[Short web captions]
((
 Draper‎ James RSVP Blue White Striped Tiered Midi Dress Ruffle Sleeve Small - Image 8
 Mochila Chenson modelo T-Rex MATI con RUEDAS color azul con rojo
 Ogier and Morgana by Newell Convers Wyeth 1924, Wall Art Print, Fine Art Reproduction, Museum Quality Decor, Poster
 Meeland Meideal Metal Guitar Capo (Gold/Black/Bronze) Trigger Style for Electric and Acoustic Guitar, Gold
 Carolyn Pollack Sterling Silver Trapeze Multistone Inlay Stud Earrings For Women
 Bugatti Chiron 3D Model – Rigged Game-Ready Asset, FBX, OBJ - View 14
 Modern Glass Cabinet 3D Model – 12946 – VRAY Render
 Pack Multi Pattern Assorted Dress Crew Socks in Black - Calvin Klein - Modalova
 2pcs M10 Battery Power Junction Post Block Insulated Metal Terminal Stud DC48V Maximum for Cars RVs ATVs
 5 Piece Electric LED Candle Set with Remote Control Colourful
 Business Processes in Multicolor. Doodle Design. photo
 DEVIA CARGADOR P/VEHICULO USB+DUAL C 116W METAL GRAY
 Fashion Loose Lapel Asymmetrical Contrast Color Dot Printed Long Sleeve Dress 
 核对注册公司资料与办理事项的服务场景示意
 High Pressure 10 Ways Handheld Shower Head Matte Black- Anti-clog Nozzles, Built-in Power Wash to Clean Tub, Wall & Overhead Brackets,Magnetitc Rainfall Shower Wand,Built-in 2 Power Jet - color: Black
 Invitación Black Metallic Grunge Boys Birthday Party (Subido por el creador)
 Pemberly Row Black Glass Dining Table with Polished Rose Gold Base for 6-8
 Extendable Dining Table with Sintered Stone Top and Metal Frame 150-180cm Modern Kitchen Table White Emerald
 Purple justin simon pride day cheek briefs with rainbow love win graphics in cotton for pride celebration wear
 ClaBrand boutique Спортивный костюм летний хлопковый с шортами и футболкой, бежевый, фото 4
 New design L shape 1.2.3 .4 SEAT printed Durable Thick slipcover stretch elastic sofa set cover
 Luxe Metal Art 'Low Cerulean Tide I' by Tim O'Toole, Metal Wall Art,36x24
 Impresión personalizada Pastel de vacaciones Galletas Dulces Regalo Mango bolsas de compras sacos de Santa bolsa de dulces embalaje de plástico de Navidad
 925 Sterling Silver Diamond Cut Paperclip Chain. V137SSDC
))
● **What to work on**
Beginning with the top line of the data above, output every line exactly until the one that contains "Business Processes in", and include that one too.

● **Task solution**
 Draper‎ James RSVP Blue White Striped Tiered Midi Dress Ruffle Sleeve Small - Image 8
 Mochila Chenson modelo T-Rex MATI con RUEDAS color azul con rojo
 Ogier and Morgana by Newell Convers Wyeth 1924, Wall Art Print, Fine Art Reproduction, Museum Quality Decor, Poster
 Meeland Meideal Metal Guitar Capo (Gold/Black/Bronze) Trigger Style for Electric and Acoustic Guitar, Gold
 Carolyn Pollack Sterling Silver Trapeze Multistone Inlay Stud Earrings For Women
 Bugatti Chiron 3D Model – Rigged Game-Ready Asset, FBX, OBJ - View 14
 Modern Glass Cabinet 3D Model – 12946 – VRAY Render
 Pack Multi Pattern Assorted Dress Crew Socks in Black - Calvin Klein - Modalova
 2pcs M10 Battery Power Junction Post Block Insulated Metal Terminal Stud DC48V Maximum for Cars RVs ATVs
 5 Piece Electric LED Candle Set with Remote Control Colourful
 Business Processes in Multicolor. Doodle Design. photo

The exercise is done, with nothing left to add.